Real-Time Payments Vulnerable to Chargebacks and Fraud
For the longest time, going cashless was easy for all but the simplest transactions. Every place of business was ready and willing to scan a payment card to take your money, but if you owed a friend $7 for coffee, you'd have to find an ATM (and hope they had change for a twenty) or find your checkbook. Who didn't love carrying a $7 check around in their purse or wallet for weeks, never quite remembering to deposit it?
Then along came services like Venmo that allowed individuals to make cheap, instantaneous electronic payments, person to person. With a few taps, you could transfer money from your bank account to theirs.
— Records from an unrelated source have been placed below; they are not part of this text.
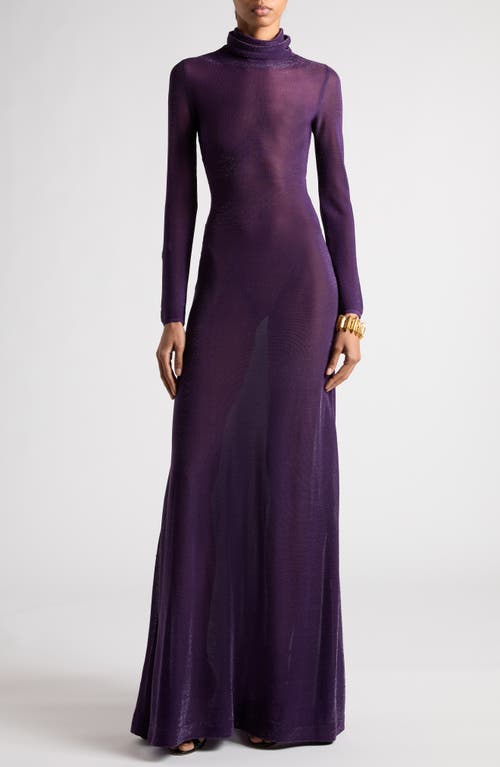 Shop Tom Ford Metallic Sheer Long Sleeve Turtleneck Silk Blend Dress In Violet Indigo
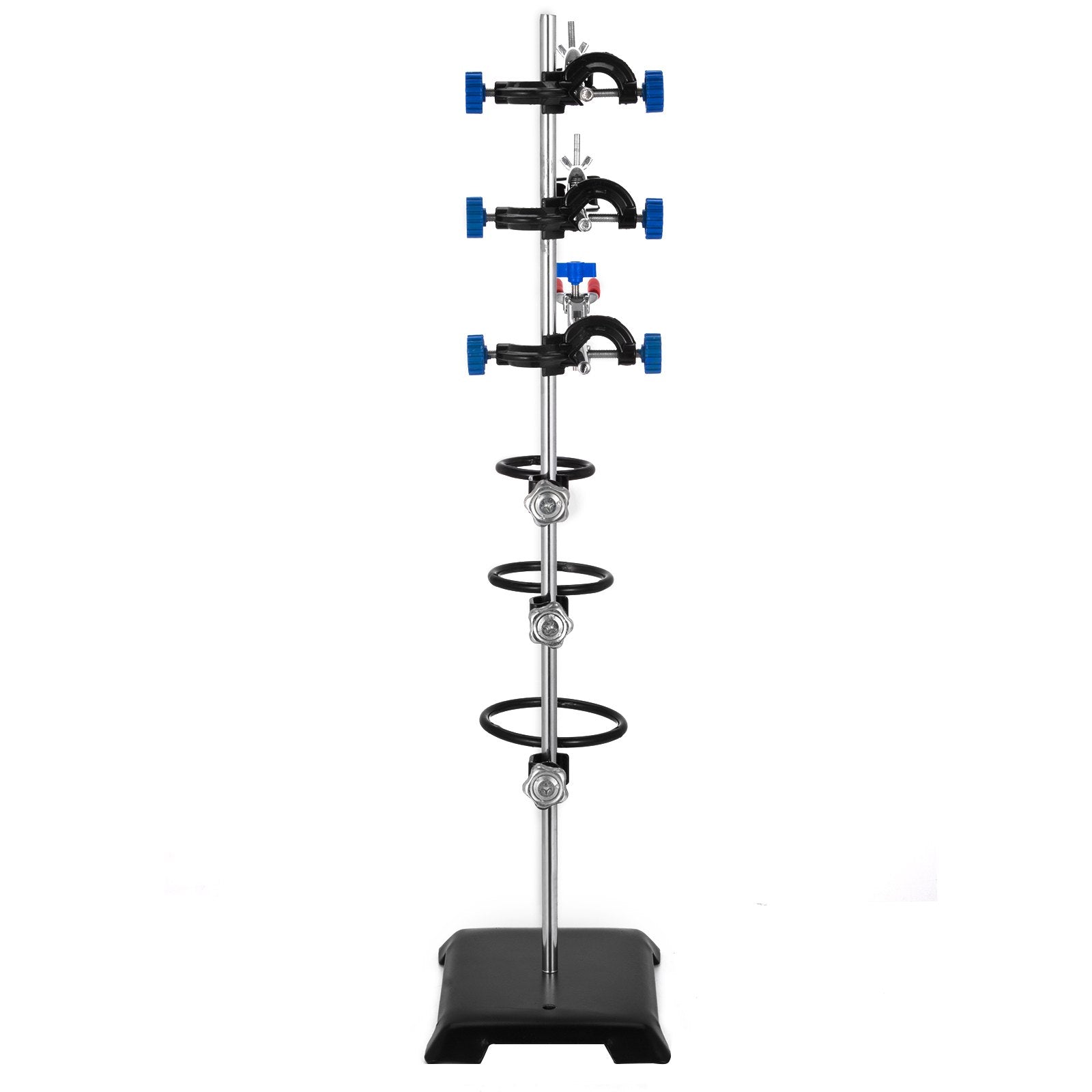 VEVOR Laboratory Grade Metalware Set - Support Stand Premium Iron Material Laboratory Stand Support Lab Clamp Flask Clamp Condenser Stand 60cm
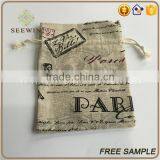 Drawstring Small Printed Pocket Artificial Jute Bag thumbnail-2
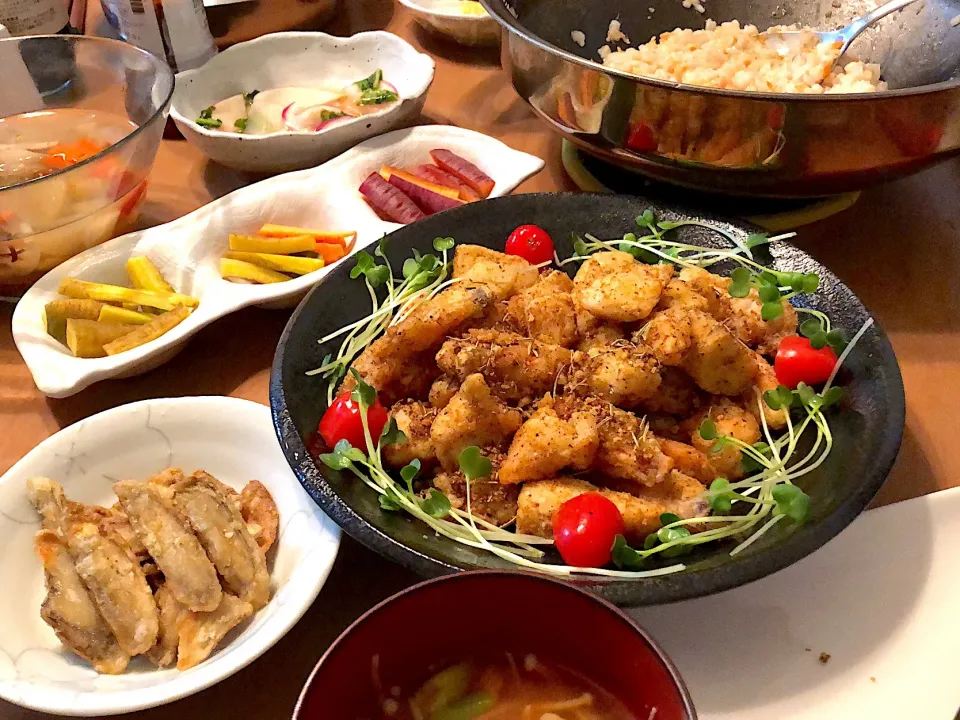 チキンスティック、ささみ、高野豆腐のスパイス揚げ|横井朱里さん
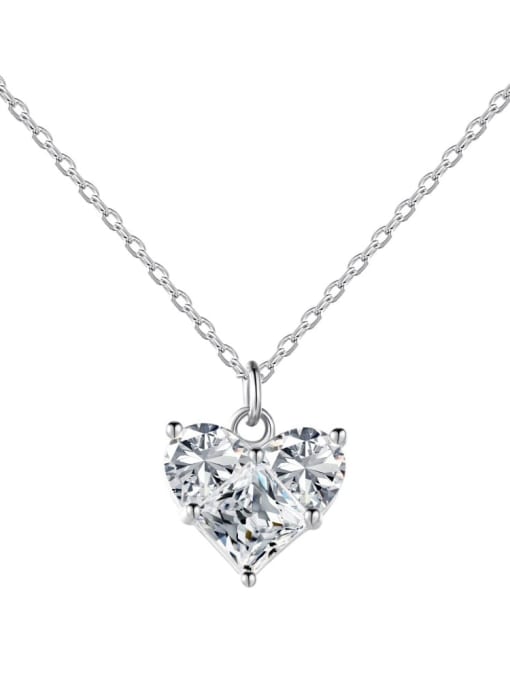 Platinum + white DY190684 925 Sterling Silver Cubic Zirconia Dainty Heart   Earring and Necklace Set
While third-party services may have led the way in gaining widespread consumer acceptance, banks and credit unions soon started offering their own instant payment services for their customers to use. According to data compiled by the financial services firm FIS, the number of real time payment services has quadrupled in the last five years, growing by 35% in the past year alone.
Instant payment services have revolutionized going out with friends and splitting the tab, and of course its implications for commercial payments and other transactions are significant as well. Instant payment apps give the payer control over the timing, amount, and recipient of their payments, a reversal of the usual commercial scenario where the payee takes the card, provides the transaction information, and initiates the transfer of funds.
Shifting this locus of control, however, does not necessarily mean that real time payment systems will reduce the evergreen problem of disputes and chargebacks. On the contrary, the lack of a consistent and standardized system for dealing with disputes, chargebacks, and transaction fraud in the real time payment space has the potential to seriously damage consumer and merchant confidence in this emerging technology.
Real Time Disputes
Consumers love real time payment services—especially when it doesn't cost them anything. There has been significant market pressure on banks and credit unions to offer this service to their customers, as they can provide free transfers between members and undercut the costs incurred by third-party providers. The result has been a huge number of real time payment services rushed to market without any real regulations or infrastructure in place to deal with disputes or fraudulent transactions.
By their nature, real time payment systems have no centralized authority or two disputing parties to appeal to—there's no card network setting the rules that all parties must agree to follow. Banks and providers can set their own rules, but they have no authority to compel the other party's financial institution to cooperate in the event of a dispute.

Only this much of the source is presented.